[[ RECORD EXCERPTS open ]]
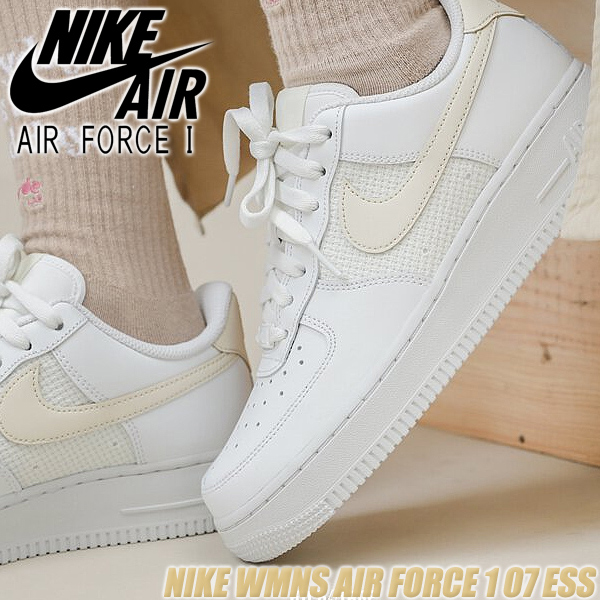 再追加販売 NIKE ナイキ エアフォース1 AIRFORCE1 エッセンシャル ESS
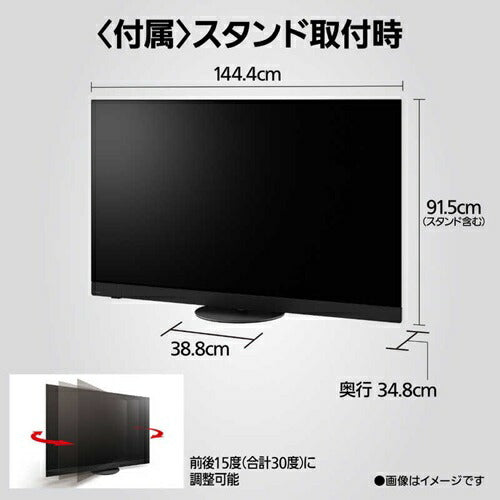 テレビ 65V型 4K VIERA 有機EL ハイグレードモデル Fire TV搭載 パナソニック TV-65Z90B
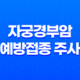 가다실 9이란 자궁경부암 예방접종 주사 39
[[ RECORD EXCERPTS closed ]]
[[ RECORD EXCERPTS open ]]
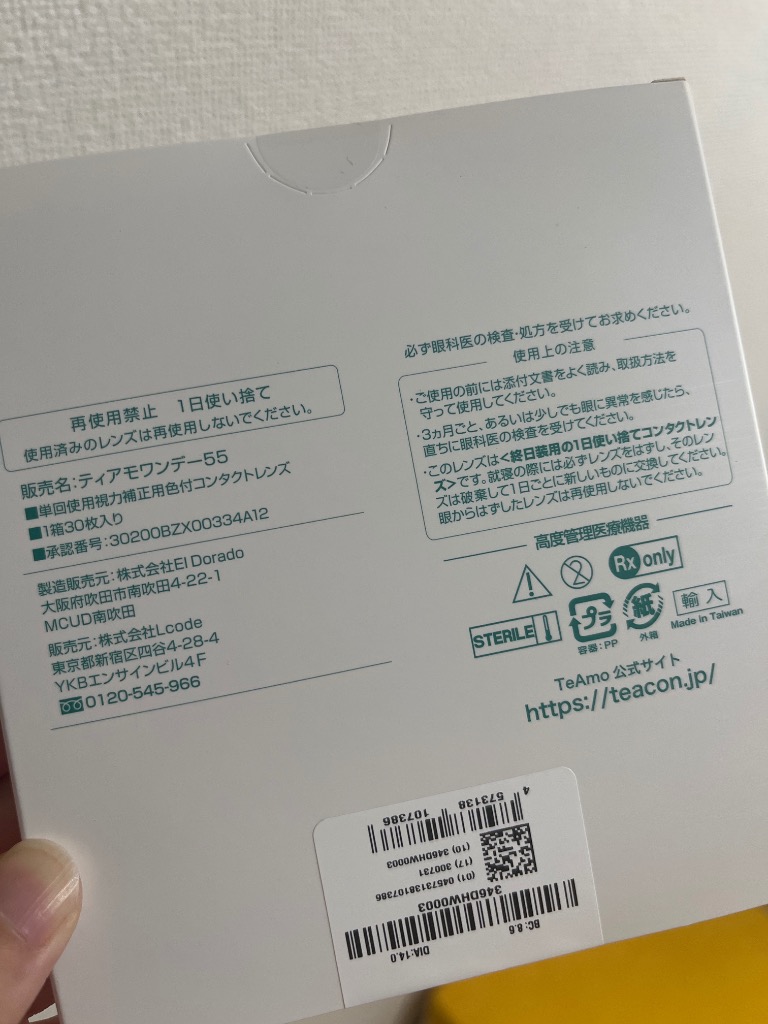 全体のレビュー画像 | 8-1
[[ RECORD EXCERPTS closed ]]
[[ RECORD EXCERPTS open ]]
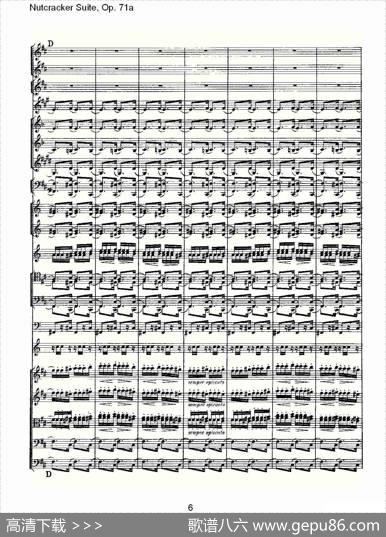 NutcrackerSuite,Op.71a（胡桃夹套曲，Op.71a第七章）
[[ RECORD EXCERPTS closed ]]
WHAT IS EXPECTED:
Taking the entries above, extract every line from the one bearing "テレビ 65V型 4K" through the one bearing "가다실 9이란 자궁경부암 예방접종 주사 39", exactly, with no pictures.

EXERCISE RESULT:
 テレビ 65V型 4K VIERA 有機EL ハイグレードモデル Fire TV搭載 パナソニック TV-65Z90B
 가다실 9이란 자궁경부암 예방접종 주사 39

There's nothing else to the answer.